They're back to back two separate parks, which in many ways are administered as a single unit. On the swath of land stretching from the foothills of the San Joaquin Valley to the eastern crest of the Sierra Nevadas, these two national parks stand in tandem almost twins, yet each distinctly its own. As a painter may color dawn or dusk from the same palette, the words of poet Mark Strand are equally true for these two national parks, Sequoia and Kings Canyon. Sunlight filters down through shades of greenish gray to an almost smoky dark. The forest floor is covered with a soft carpet of ferns, a quiet, different from the quiet of the outside world, insinuates itself, like the quiet one imagines at the center of sleep.

Sequoia, America's second oldest national park, centers around a forest of giant trees that have given it its name. The half million acres of King's Canyon plunge into one of the deepest canyons in the US, deeper than Grand Canyon. Sharing a common boundary, both parks look, indeed are, what the Sierra Nevada was before the coming of European conquerors and American settlers. Both are home to native wildlife. Both parks are an almost roadless wilderness, accessible only by foot or on horseback.

These two parks are laced with rushing snow fed water. Both are blessed with groves of sequoias, the largest most massive forms of life on the face of the earth. Sequoia national park is the home of the 2100 year old 2.7 million pound General Sherman tree. This magnificent sequoia is one of the oldest living things on earth. Giant forest is 3,700 feet up, and it's a steep climb fraught with twists and turns and hairpin curves to get to it.

Here you can venture inside a huge tree. Sequoia trees can survive a fire that even burns their heart out. Here a 275 foot tall sequoia had fallen due to natural causes across a road. A tunnel has been bored through the tree to make the road passable. You can visit another tree here in Kings Canyon.

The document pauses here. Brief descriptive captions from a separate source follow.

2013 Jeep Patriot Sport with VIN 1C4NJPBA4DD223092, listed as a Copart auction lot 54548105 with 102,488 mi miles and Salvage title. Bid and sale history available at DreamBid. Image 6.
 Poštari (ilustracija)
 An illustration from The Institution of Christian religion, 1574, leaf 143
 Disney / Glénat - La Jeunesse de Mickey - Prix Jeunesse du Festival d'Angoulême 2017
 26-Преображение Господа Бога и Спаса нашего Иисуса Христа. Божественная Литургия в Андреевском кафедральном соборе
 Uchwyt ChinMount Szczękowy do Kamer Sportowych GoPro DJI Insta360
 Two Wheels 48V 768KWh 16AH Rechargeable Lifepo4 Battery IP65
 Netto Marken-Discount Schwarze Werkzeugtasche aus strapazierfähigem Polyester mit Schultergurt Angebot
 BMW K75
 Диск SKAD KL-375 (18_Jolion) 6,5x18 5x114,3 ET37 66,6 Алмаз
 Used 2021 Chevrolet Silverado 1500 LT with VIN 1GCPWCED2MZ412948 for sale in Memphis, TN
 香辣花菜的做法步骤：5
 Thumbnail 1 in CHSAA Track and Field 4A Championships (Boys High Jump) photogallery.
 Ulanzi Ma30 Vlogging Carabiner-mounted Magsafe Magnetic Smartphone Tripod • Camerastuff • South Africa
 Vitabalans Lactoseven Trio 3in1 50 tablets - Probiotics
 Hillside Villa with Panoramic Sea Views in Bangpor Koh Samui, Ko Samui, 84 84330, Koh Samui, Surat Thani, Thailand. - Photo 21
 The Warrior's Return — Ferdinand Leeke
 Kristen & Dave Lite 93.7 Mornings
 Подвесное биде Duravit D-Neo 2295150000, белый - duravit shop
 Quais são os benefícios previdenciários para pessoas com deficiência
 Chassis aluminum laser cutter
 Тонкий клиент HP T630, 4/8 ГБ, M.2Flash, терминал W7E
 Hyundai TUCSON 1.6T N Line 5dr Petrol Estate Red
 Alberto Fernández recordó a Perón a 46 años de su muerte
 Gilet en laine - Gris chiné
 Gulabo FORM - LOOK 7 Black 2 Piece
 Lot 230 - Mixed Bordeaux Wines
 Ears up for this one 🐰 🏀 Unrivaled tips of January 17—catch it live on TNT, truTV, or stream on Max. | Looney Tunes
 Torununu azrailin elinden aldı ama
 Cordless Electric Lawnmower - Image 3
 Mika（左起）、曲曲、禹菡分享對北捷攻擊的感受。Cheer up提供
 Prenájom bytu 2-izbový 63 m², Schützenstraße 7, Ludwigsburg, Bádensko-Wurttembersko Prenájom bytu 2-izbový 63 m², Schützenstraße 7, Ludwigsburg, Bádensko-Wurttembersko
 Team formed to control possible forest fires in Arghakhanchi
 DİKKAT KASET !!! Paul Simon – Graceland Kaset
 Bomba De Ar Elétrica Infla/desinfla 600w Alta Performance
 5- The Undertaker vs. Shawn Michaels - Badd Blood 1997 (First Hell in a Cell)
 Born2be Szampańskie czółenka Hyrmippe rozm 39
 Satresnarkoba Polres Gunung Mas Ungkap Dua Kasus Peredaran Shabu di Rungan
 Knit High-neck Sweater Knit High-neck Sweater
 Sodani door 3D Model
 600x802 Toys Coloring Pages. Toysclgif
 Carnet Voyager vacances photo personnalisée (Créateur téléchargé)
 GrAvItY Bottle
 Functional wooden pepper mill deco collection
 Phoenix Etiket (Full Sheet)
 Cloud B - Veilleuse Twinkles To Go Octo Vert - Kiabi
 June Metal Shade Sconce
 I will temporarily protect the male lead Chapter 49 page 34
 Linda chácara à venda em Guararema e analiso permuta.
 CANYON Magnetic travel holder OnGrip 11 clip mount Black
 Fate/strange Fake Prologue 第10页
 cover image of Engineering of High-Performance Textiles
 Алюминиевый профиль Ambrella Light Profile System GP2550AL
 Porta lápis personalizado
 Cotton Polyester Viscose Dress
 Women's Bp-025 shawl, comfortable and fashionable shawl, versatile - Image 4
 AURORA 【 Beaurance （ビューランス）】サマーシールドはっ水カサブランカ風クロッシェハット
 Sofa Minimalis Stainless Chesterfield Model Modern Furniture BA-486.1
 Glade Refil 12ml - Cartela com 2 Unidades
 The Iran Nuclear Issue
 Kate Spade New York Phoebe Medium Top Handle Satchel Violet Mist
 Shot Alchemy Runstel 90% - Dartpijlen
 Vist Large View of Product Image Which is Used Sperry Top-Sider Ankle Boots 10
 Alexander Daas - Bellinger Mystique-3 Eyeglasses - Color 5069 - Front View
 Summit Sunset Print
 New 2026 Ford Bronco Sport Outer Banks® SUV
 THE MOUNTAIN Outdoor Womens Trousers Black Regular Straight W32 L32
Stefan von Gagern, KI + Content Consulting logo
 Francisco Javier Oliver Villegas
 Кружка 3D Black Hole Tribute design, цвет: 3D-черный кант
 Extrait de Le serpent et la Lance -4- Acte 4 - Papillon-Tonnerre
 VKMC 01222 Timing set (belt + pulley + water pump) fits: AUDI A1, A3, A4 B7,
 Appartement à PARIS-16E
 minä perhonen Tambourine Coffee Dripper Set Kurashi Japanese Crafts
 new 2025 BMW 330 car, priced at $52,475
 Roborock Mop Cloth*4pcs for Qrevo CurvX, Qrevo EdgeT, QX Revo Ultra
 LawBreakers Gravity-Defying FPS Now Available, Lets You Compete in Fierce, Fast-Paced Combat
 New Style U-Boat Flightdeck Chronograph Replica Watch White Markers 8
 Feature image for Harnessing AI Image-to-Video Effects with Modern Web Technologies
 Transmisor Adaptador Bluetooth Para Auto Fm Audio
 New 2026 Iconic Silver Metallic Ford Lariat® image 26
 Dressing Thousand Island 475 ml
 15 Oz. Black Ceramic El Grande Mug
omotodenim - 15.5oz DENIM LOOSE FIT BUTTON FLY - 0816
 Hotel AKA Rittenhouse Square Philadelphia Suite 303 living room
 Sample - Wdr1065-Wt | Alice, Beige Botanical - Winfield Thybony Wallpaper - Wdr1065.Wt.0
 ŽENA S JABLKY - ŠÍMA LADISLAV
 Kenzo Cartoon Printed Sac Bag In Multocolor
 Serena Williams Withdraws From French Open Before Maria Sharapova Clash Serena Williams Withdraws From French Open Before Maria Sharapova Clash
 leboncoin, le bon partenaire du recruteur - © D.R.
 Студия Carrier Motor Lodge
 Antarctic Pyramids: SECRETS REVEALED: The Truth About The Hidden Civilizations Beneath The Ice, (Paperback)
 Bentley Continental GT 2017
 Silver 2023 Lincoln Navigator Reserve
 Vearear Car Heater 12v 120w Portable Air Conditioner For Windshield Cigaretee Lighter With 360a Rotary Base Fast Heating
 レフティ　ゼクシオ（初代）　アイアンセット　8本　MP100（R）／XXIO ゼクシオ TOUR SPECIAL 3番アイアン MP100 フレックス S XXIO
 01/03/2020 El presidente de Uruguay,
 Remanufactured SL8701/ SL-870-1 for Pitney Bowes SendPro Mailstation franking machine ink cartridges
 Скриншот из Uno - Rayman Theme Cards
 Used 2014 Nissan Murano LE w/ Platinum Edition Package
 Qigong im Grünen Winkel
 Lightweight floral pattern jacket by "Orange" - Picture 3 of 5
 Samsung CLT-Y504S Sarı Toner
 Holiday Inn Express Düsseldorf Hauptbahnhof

The Fallen Monarch. This thousand year old sequoia has served as a native American shelter, in 1870 a hotel and saloon, and even a US cavalry stable for 32 horses. But these parks offer even more than the great trees. There's Mount Whitney the highest peak in the contiguous United States, Crystal Cave, a fantasy of stalactites and stalagmites, a huge granite dome called Moro Rock. If you can climb the 500 steps to the top, you're rewarded with a spectacular view of the great Western Divide.

Camping and backpacking and in Kings Canyon makes for a high country exhilaration. The cool clean air is like wine. Sharing the bracing effervescent Sierra atmosphere, guarding the giants of the tree world and intertwined by trails, these two parks, their are differences complementing each other, thrive in tandem offering a more rewarding experience for the park visitor.